> _WHAT YOU ARE ASKED TO DO_: The task calls for the lines below from the line with "Moving on to" to the line with "The star-nosed mole", both ends included, copied exactly, without any pictures.

> _Saved entries_:
════

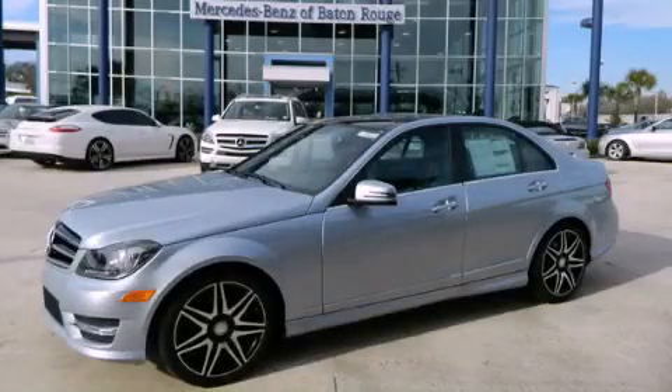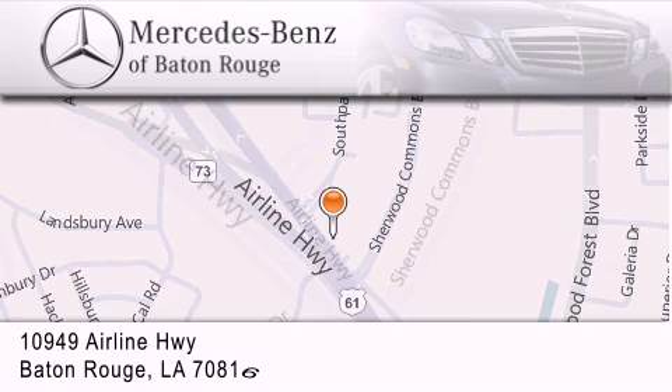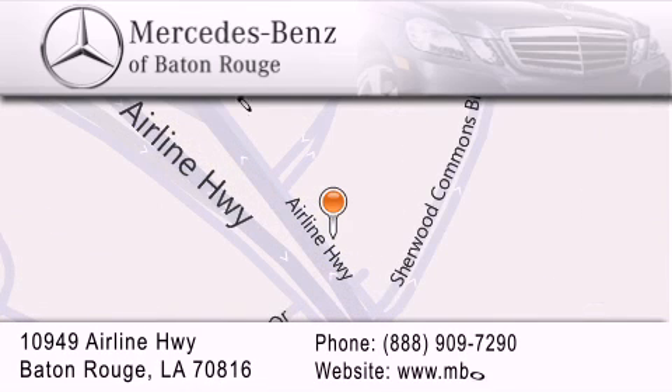Call or visit us right now and arrange your test drive today. Mercedes-Benz of Baton Rouge is located at 10949 Airline Highway in Baton Rouge. We are locally owned and operated.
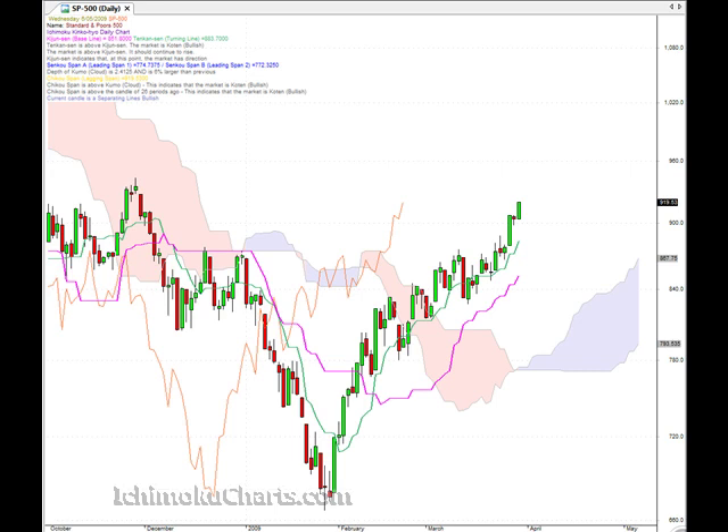If we look at our two lines here, we have the green line which is Tenkinsen and the pink line is the Kijinsen. The green line is the faster line and the pink line is the slower of the two. We can see that they are both pointing up very sharply, which means that this market has quite a bit of momentum to the trend.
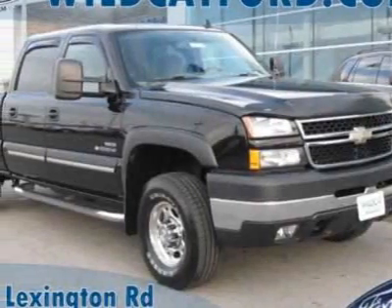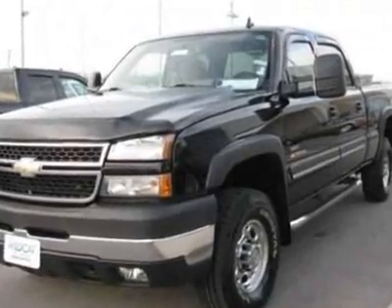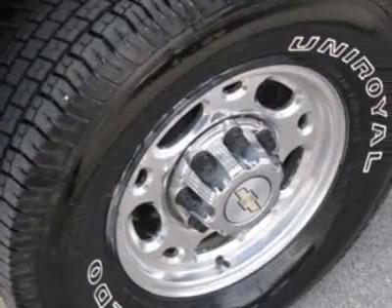Come take a look at this 2006 Chevrolet Silverado 2500 HD. Carfax has certified the Silverado 2500 HD as having one owner.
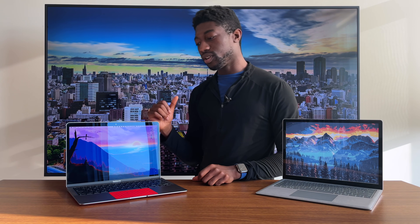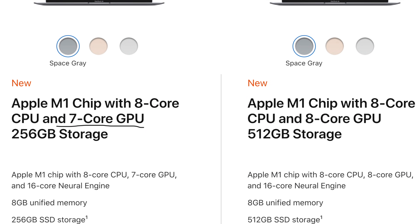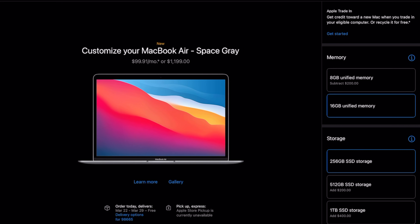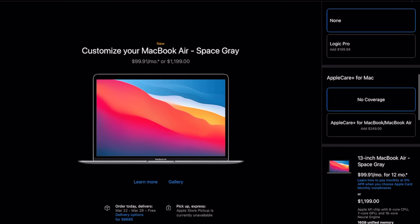Moving on to the MacBook Air, you don't really have that many choices. You have the choice between the M1 processor with seven GPUs or eight GPUs. I've said this in all my videos — I don't think the eight GPU cores inside the MacBook Air is worth the extra money because you don't really see that big of a difference. You should probably spend that money on the storage or RAM, because both those components aren't upgradable and will serve you more longevity for the computer.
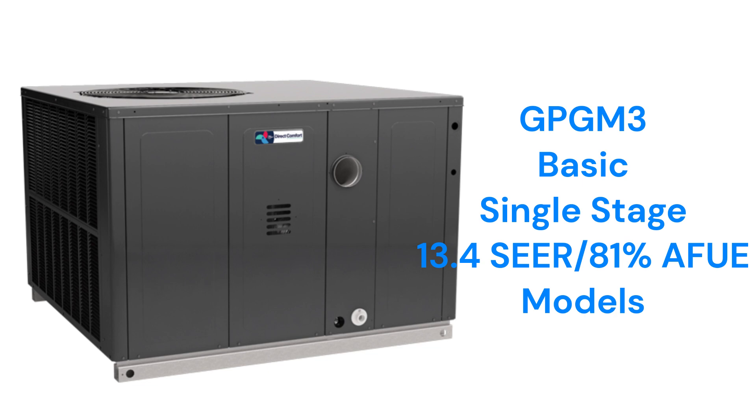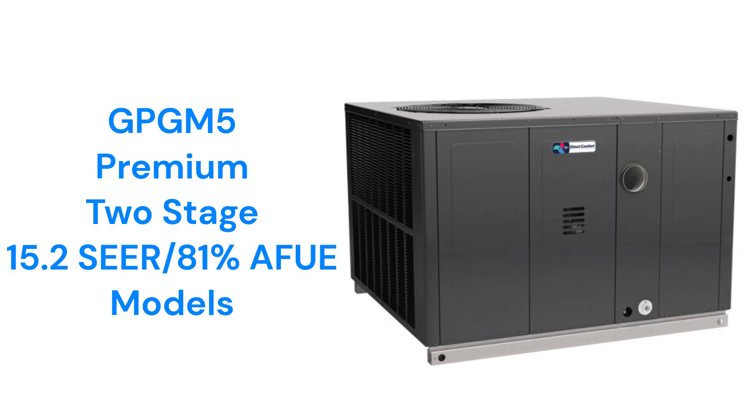The GPGM-3 models combine a basic 13.4 SEER air conditioner with a basic single-stage 81% AFUE gas furnace. The GPGM-5 units combine a premium 15.2 SEER air conditioner with a two-stage 80% AFUE gas furnace.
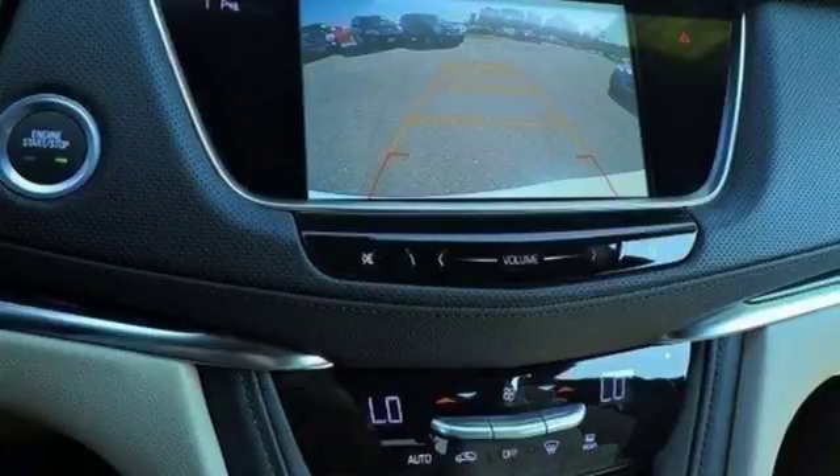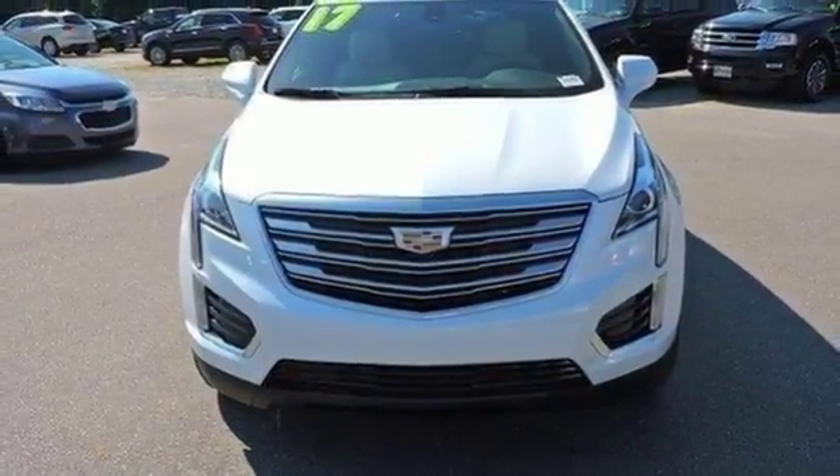Designed with your agenda in mind, this XT5 is up for the challenge. Come in for a test drive.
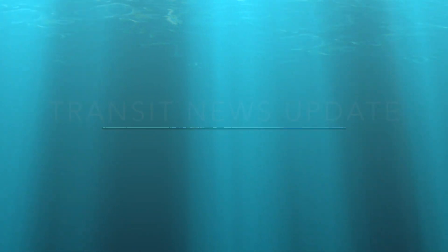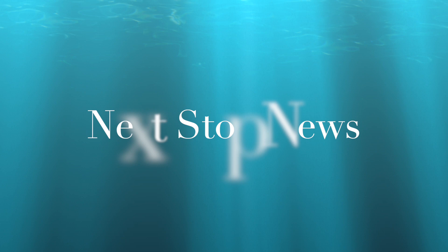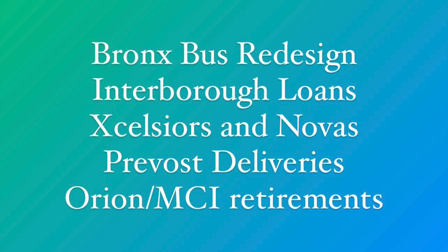Hello and welcome to Part 1 of July's Next Stop News. As you guys know, this is just a fleet status, so we will only be talking about buses. Transit will come in Part 2. Here's what we'll be discussing in this month's installments.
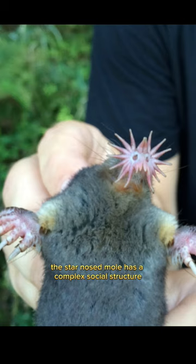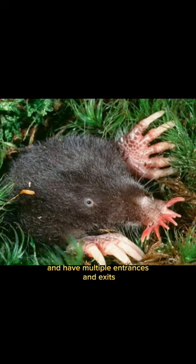The star-nosed mole has a complex social structure, living in underground burrow systems with multiple individuals. These burrows can be up to 100 feet long and have multiple entrances and exits.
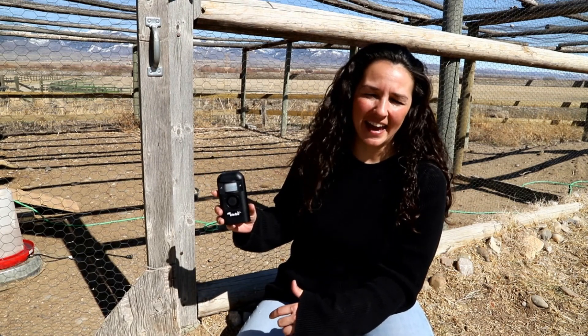This scare device is called a Critter Gitter. It is an acoustic deterrent that emits a high-pitched siren alarm and flashing lights anytime it detects heat in motion, or essentially any wildlife movement.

════

> _SOLUTION BELOW_:
Moving on to the MacBook Air, you don't really have that many choices. You have the choice between the M1 processor with seven GPUs or eight GPUs. I've said this in all my videos — I don't think the eight GPU cores inside the MacBook Air is worth the extra money because you don't really see that big of a difference. You should probably spend that money on the storage or RAM, because both those components aren't upgradable and will serve you more longevity for the computer.
The GPGM-3 models combine a basic 13.4 SEER air conditioner with a basic single-stage 81% AFUE gas furnace. The GPGM-5 units combine a premium 15.2 SEER air conditioner with a two-stage 80% AFUE gas furnace.
Designed with your agenda in mind, this XT5 is up for the challenge. Come in for a test drive.
Hello and welcome to Part 1 of July's Next Stop News. As you guys know, this is just a fleet status, so we will only be talking about buses. Transit will come in Part 2. Here's what we'll be discussing in this month's installments.
The star-nosed mole has a complex social structure, living in underground burrow systems with multiple individuals. These burrows can be up to 100 feet long and have multiple entrances and exits.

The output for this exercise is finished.